- Doiby Dickles as he appeared in Green Lantern #3 (March 1942). Art by Martin Nodell.

Publication information
- Publisher: DC Comics
- First appearance: All-American Comics #27 (June 1941)
- Created by: Bill Finger Irwin Hasen

In-story information
- Full name: Charles "Doiby" Dickles
- Species: Human
- Team affiliations: Old Justice
- Notable aliases: Devastatin' Doiby
- Abilities: Basic combat skills; Expertise in aviation and driving;

= Doiby Dickles =

Charles "Doiby" Dickles is a fictional character from DC Comics. He was the original sidekick for Alan Scott (the first Green Lantern), appearing in comic book stories starring that hero from 1941 to 1949. He has a prominent New York accent.

==Publication history==
The character was created by writer Bill Finger and artist Irwin Hasen. In an interview, Hasen said:

I got it from the actor, Edward Brophy, who was an Irish detective before the World War in the 1930s Warner Bros. movies. He was an overweight little taxicab driver with a little derby and a cigar, and what an unlikely assistant for a guy like the Green Lantern! It was ridiculous.

Kurt Mitchell and Roy Thomas wrote that Doiby was "the first of the comic relief sidekicks that came to define the [All-American] approach to super-heroics in the early '40s".

==Fictional character biography==
===Earlier stories===
Charles "Doiby" Dickles is a taxi driver. His first adventure with Green Lantern occurs when Doiby follows Green Lantern while he was trailing a group of thugs. After Green Lantern was supposedly killed by the thugs, Doiby confronts them in a Green Lantern costume in an attempt to stop them. Soon after, the actual Green Lantern appears and, with the help of Doiby, saves the day.
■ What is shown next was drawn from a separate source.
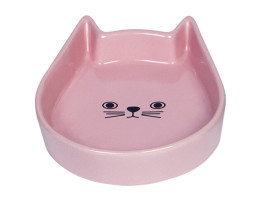 Nobby Миска для котів керамічна плоска Kitty Face 13х16х3 см 200 мл рожева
After that adventure, Green Lantern sent Doiby a quaint letter: "Doiby, I could use a good man like you to help me in my fight against all evil — How about it? -The Green Lantern". After that, Doiby began working with Alan Scott on a regular basis eventually learning that the Green Lantern and Alan Scott were one and the same.

Doiby and Alan later try to assist Solomon Grundy during his first appearance. It does not go well as Grundy goes on a murderous rampage and must be destroyed. He seemingly meets his end under the wheels of a train. This adventure also has a backup Hop Harrigan story, as did many of Doiby's 'All American Comics' adventures. This adventure is re-told in 2002, with a focus on another close friend of Alan Scott, newswoman Irene Miller.
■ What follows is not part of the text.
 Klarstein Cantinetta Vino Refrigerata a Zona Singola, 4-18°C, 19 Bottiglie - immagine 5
Doiby and the Green Lantern had many adventures together, including taking on Nazis in the WWII era. With his thick Brooklyn accent, Doiby invariably addresses Green Lantern as "Lan'trin". As a cab driver, Doiby's slogan is "Soivice that don't make youse noivice". He refers to his cab as 'Goitrude'. Doiby often assists in battle with a skilled swing of a pipe wrench. Alan Scott later becomes the head of Gotham Broadcasting, a radio station based out of Gotham City. He brings in Doiby as his personal assistant. Doiby becomes involved with Princess Raima of Myrg, an alien who flees to Earth to escape a forced marriage to an evil man named Prince Peril. He gets his friends involved, who help rescue her but not before Doiby serves time as a court jester.

===Later stories===
Near the end of the Silver Age of Comic Books, it was retconned that Doiby was sent into space to marry Princess Ramia at the end of the Golden Age, with the aliens enjoying his vast wisdom, and Alan Scott went on with his solo career. Myrg comes to resemble Doiby's beloved Brooklyn.
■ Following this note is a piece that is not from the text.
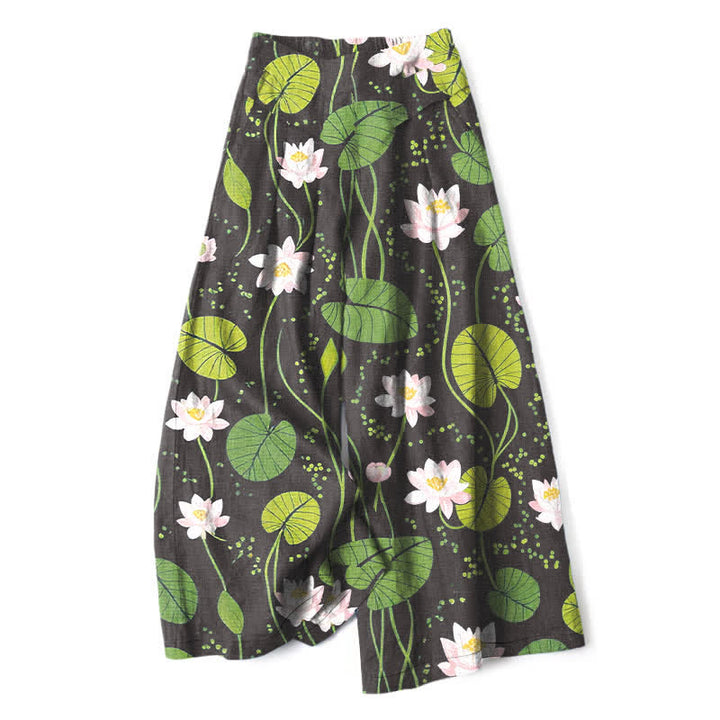 Buddha Stones Pantalon large à taille élastique et poches pour femme, en coton et lin, motif feuilles de lotus vertes - Noir - US16，UK/AU20，EU48 (3XL) - image 4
He briefly returns to Earth to assist the Green Lanterns in a new problem: Sinestro has possessed his taxi. He had left it behind in Hal Jordan's garage when he went to Myrg. The threat is eventually neutralized but Goitrude is destroyed. Doiby had traveled to Earth with a 'dimension-change' but this device is lost in the confrontation. Later, Goitrude is repaired.

Doiby continues to live as king until his position was usurped by the evil Prince Marieb.

Sometime later, Doiby joins a group called "Old Justice". It is made up of the 'sidekicks' of many Golden Age heroes: Dan the Dyna-Mite, Merry Pemberton, Neptune Perkins, Second Sweep of Hourman's Minute Men of America, and Ma Hunkel's children Dinky and Sisty Jibbet, who operated as the Cyclone Kids. They are convinced that the younger superheroes are not responsible enough to be involved in 'the game'.

During the Sins of Youth storyline, one of Doiby's alien devices combines with the magic from Klarion the Witch Boy. This alters the ages of dozens of superheroes and supervillains, which the adults being transformed into children and vice versa. Doiby and other members of Old Justice find themselves having to herd and baby-sit adults-turned-kids, many of whom have become vastly irresponsible. They are assisted by some of the now-adult super-beings. Basing themselves out of the old JLA headquarters in Happy Harbor, the adults and kids eventually find a way to blackmail Klarion into working with Doiby to reverse the changes. This incident convinces Old Justice that Young Justice can take care of themselves.

===Back to Myrg===
Doiby reunites with the team because of the coincidence of Young Justice using the older hero's meeting spots. He convinces them to take him back to the planet Myrg. Impulse had recently received a spaceship in return for helping a rich sultan. While traveling through space, a younger version of Lobo talks his way into joining the mission. As is usual for Lobo, he is in it for the violence.

After arriving, the team realizes Marieb had caused Doiby to be exiled from Mryg. Ramia had married the villain for the guarantee Doiby would be left alive. Marieb is defeated but the threat of the alien Slag arrives.

The Slag race enjoys the game of baseball and agrees that they would face down Young Justice and Doiby for the sake of the planet. The Young Justice team wins by blatant cheating. Doiby and his Queen are able to go back to ruling Myrg.

Doiby appears one more time to see Young Justice off in friendly terms. They use another form of transport, accidentally leaving Impulse's ship on Myrg.

==Skills and abilities==
Doiby Dickles has no superpowers, but he is a skilled driver, pilot, and unarmed combatant.